Thursday, 14 November 2013

Getting Through NaNoWriMo Week 2

I had no idea that week 2 pf NaNoWriMo is notorious for drop-outs, never having attempted it before, but I could feel that it was a tough week. After the initial buzz of enthusiasm and motivation, writing gets harder. I have amassed many half-written stories over the years, of varying lengths. It's hard to keep going when you're not doing NaNoWriMo, let alone when you're under the pressure of producing 50.000 words in a month. You begin to realise that you've no idea where your plot is going, you lose confidence in your ideas, your characters seem flat and writing becomes such a chore that you develop an inexplicalbe urge to clean the bathroom.

I'm still plugging away at my novel, but it's been difficult. Here are some of my survival strategies:

1. Some words are better than no words
I was disheartened earlier this week, because I'm not on target. I had aimed to write 2,000 words a day, to get ahead in case I have some bad days towards the end of the month, but I haven't even reached the 1667 words needed to be on track. However, I have written over 19,000 words. If I hadn't started NaNoWriMo, I would have zero. That's an achievement - if you write anything, it trumps writing nothing.

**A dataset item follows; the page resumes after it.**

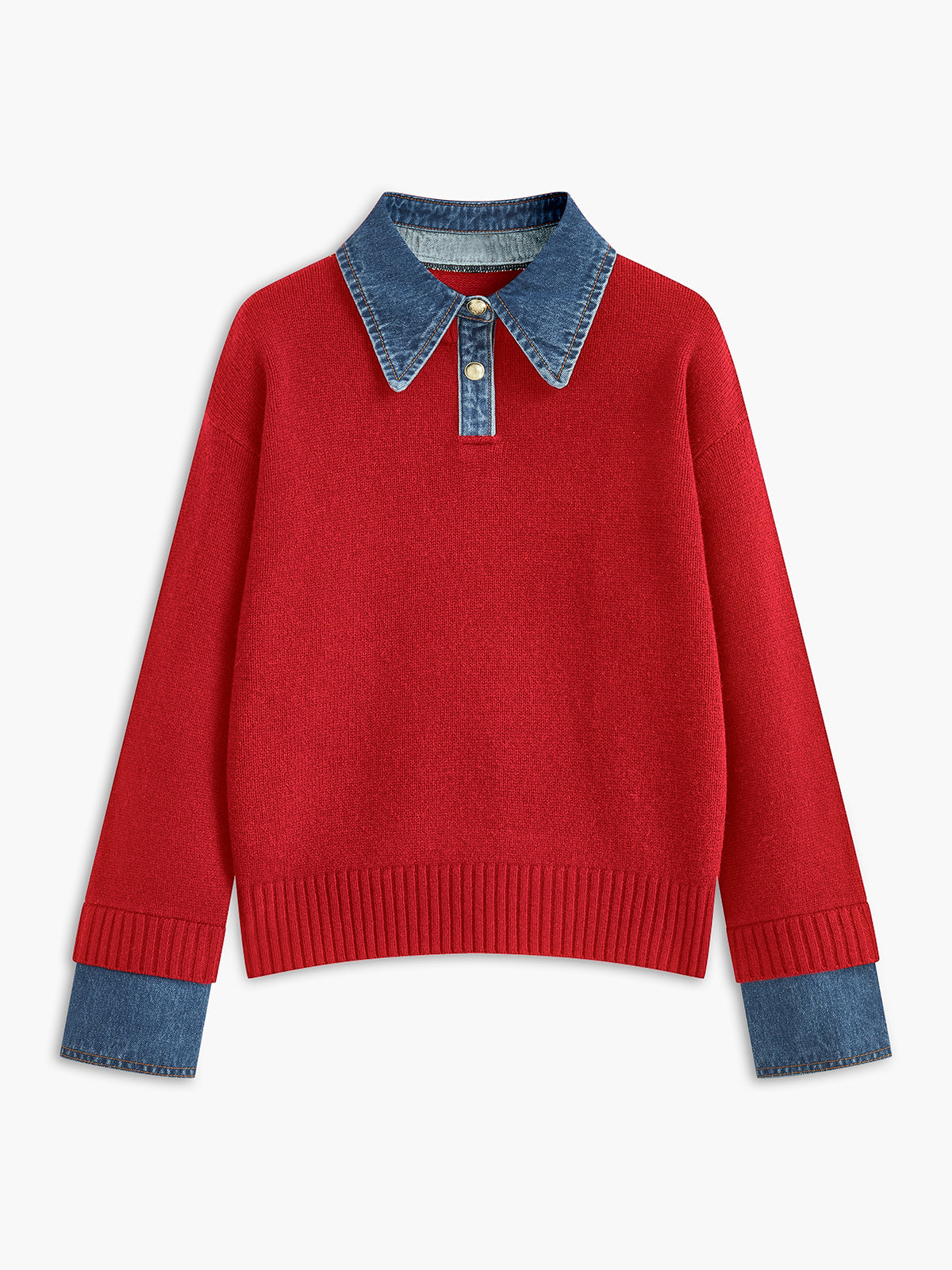 Women's knit jumper with denim-look collar and cuffs, relaxed fit, red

2. Have fun with the NaNoWriMo.org stat page
I love the graph that shows how close you are to the target - it proves that I have actually written some words and I'm usually closer to the target than I imagine I am. I also find the 'words per day to finish on time' stat incredibly motivating. I might feel like I'm miles behind, but the extra words per day I need to write isn't that much - I think I'll have to write less than 100 words more than the target, which isn't a lot.

3. Write crap
I would love to write brilliant prose off the bat, but it's unrealistic. Writing crap might not be what you had in mind when you pictured yourself as A Writer, but I always say it's easier to rewrite and edit crap writing than a blank page. Besides, NaNoWriMo is more about getting into the habit of writing than producing a perfect novel in a month - which I doubt anyone does.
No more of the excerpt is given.